The HBsAg genome also has been incorporated into the vaccinia virus, which then expresses HBsAg on its surface (Smith et al., 1983). Studies in chimpanzees of the resulting vaccine, its safety and immunogenicity, and its ability to protect against challenge with wild HBV already have begun. The advantages of using vaccinia as a vehicle for immunization against hepatitis are presumed ease of production (no need for procedures to inactivate HBV or to remove extraneous immunogens), low cost (technologies already are in place for vaccine production), and the use of live replicating virus. Potential barriers to the use of this vaccine include: (1) the fact that vaccinia vaccine for smallpox prophylaxis has been abandoned worldwide—some countries might be reluctant to reintroduce it; (2) the inherent danger of potential side effects in individuals with dermatitis or unrecognized immune deficiencies; and (3) uncertainty about successful “takes” following administration and the effectiveness of booster doses.

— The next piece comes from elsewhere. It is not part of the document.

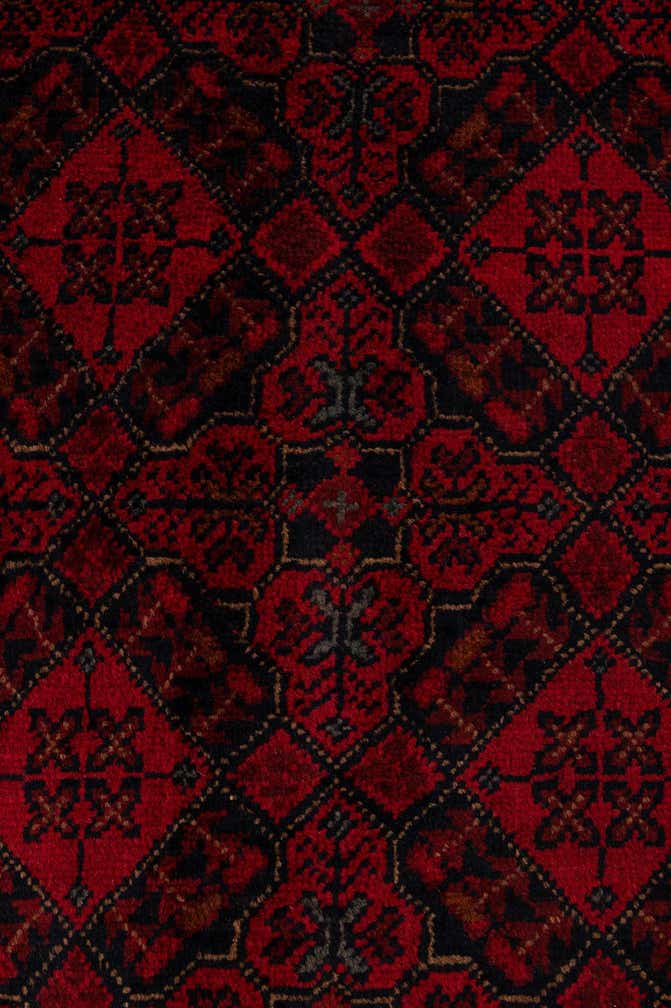 6' 7 x 9' 9 Hand Knotted Khal Mohammadi Wool Rug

Several laboratories have identified the major antigenic site of HBsAg, a hydrophilic sequence of 8 to 12 amino acids (Dreesman et al., 1982a; Gerin et al., 1983a; Gerin et al., 1983b; Hopp, 1981; Lerner et al., 1981). Polypeptides of various sequences have been synthesized and studies of immunogenicity in animals have begun. The major barrier to successful development of synthetic vaccines is the poor immune response to small polypeptides. Current investigations are directed at enhancing immunogenicity, either through structural modifications (e.g., the circular polypeptide developed by investigators at Baylor) or by attaching the peptide to larger carrier molecules and adjuvants. Whether or not these efforts will succeed and how long they will take remains to be seen. Most estimates place the development time at six to ten years.

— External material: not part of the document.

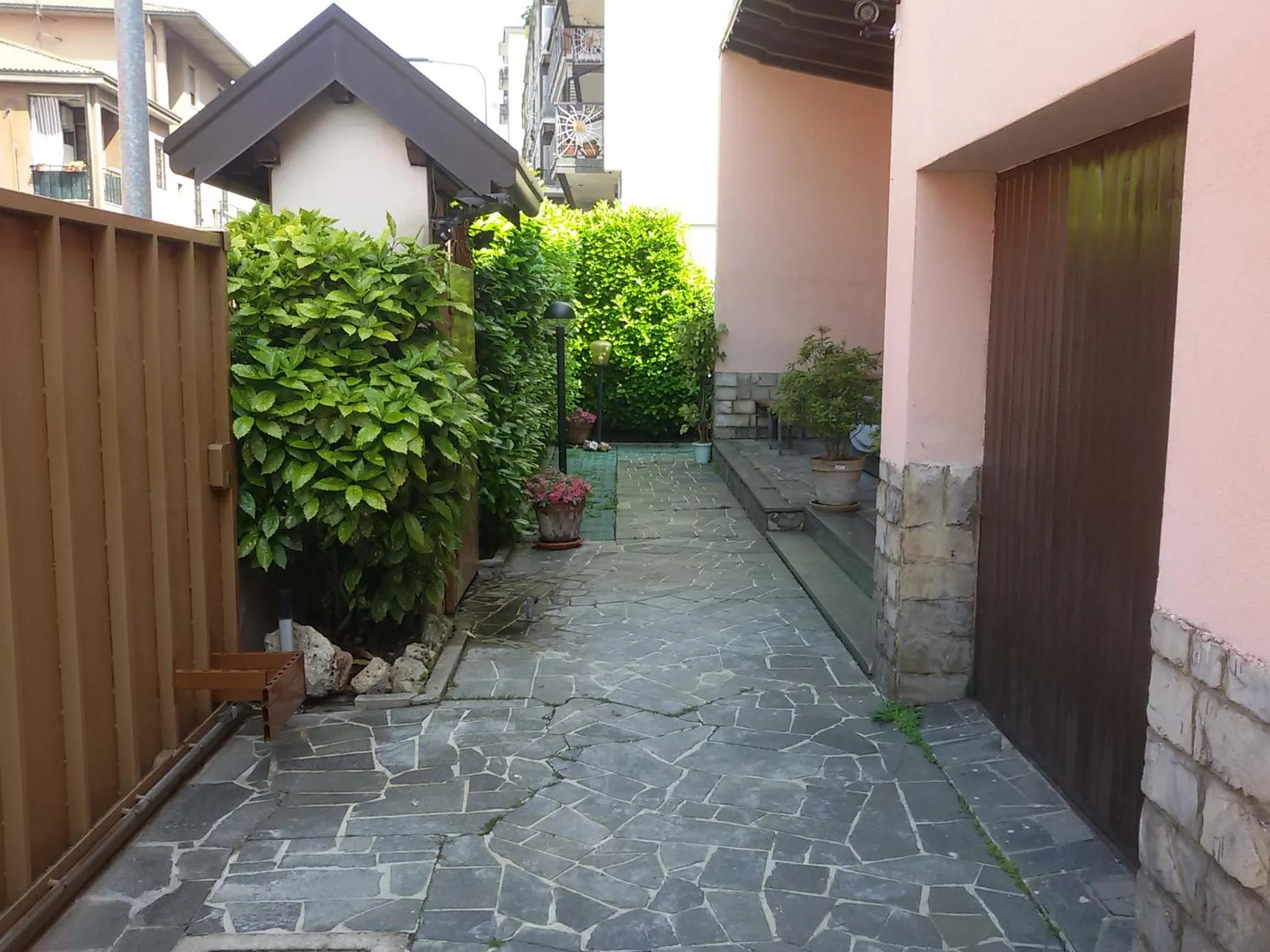 Facade/entrance in Ciro BED AND BREAKFAST la villetta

Anticipated improved vaccine Utilization
It is anticipated that improved hepatitis B vaccines would be as effective as current vaccines (or more so for some populations) and that some barriers now deterring use of plasma-derived vaccines would no longer apply. Therefore, utilization should be better. It is expected that both providers and potential recipients in the high-risk groups will have a high perception of the risk of infection (a score of eight out of ten), that physicians will have a somewhat higher perception of the severity of the disease than will lay people (a score of eight versus seven out of ten), and that both groups will have high expectations of the vaccine’s efficacy (a score of nine out of ten). Some barriers to utilization may persist. A high cost would inhibit some from being vaccinated. Compliance is usually worse for vaccines targeted for adults rather than for children, and this barrier may remain unless educational programs can overcome it. The modest degree of difficulty involved in initiating and completing immunization (e.g., the possible need for pre-immunization testing for HBV markers) may remain a barrier for some individuals.